To find out how the pandemic impacted this kind of spending, MagnifyMoney surveyed 1,550 Americans on what vices people were spending on — and what money they used to do so.

Key Findings:

  • 70% of consumers have spent money on at least one financial vice during the pandemic — especially alcohol, cigarettes, and lottery tickets.
  • Men and those laid off or furloughed amid the pandemic are spending more on adult entertainment. 26% of men and 28% of those who were laid off or furloughed said they’re spending more on adult entertainment, such as OnlyFans, than they were before the pandemic.
  • Americans spent $946 — on average — on vices in 2020. 45% of consumers feel guilty about spending that money, and those who were laid off or furloughed feel significantly more guilty than those who didn’t lose income.
  • 46% of those who spent money on a vice in 2020 said they sometimes opted to spend money on the vice rather than put the money in savings. Separately, 38% went a step further and pulled money from their savings account to cover a vice.
  • Some consumers who struggled the most during the pandemic have taken on debt for their vice, including 33% who were laid off or furloughed, 26% of millennials and 21% of Gen Zers. Across all respondents, 17% went into debt for a vice within the past year.
  • About a third of those who spent money on vices in 2020 said that spending translated to an argument with a loved one. For example, 26% of millennials and 24% of men argued with a romantic partner or spouse, while 24% of Gen Zers argued with a friend.

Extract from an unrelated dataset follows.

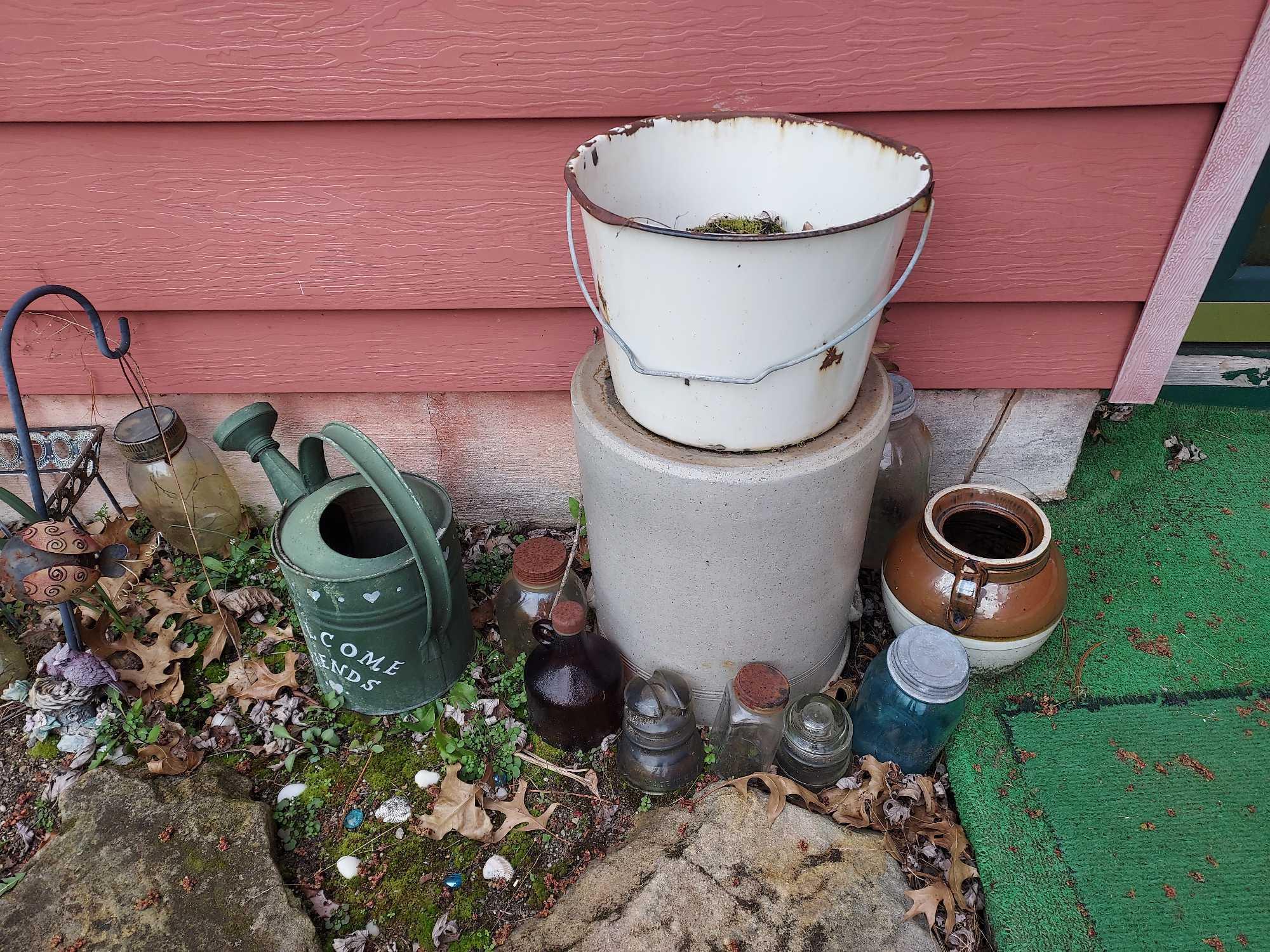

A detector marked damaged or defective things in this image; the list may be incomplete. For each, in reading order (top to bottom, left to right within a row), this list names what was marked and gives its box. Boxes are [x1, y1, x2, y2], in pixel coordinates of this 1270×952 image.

rusty enamel bucket [566, 110, 935, 452]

“People have just been bombarded by stress continuously for the past year, and many people lean on their vices to help them through really difficult times,” said Matt Schulz, LendingTree’s chief credit analyst. “It’s troubling because these vices can often do far more damage than good, but I also totally understand why people fall back on them.”

“By going into debt over your vices, you’re simply creating multiple problems for yourself while trying to solve another one,” Schulz said. “Instead of leaning on one of those unhealthy, costly vices, consider alternatives like exercise, meditation, reading, writing or other things that you might be passionate about that can consume your time and relieve stress. Ultimately, your body, your wallet and your family will be glad you did.”


MagnifyMoney commissioned Qualtrics to field an online survey of 1,550 Americans, conducted Jan. 8-11, 2021. The survey was administered using a non-probability-based sample, and quotas were used to ensure the sample base represented the overall population. All responses were reviewed by researchers for quality control.

We defined generations as the following ages in 2021:

  • Generation Z: 18 to 24
  • Millennial: 25 to 40
  • Generation X: 41 to 55
  • Baby boomer: 56 to 75

While the survey also included consumers from the silent generation (defined as those 76 and older), the sample size was too small to include findings related to that group in the generational breakdowns.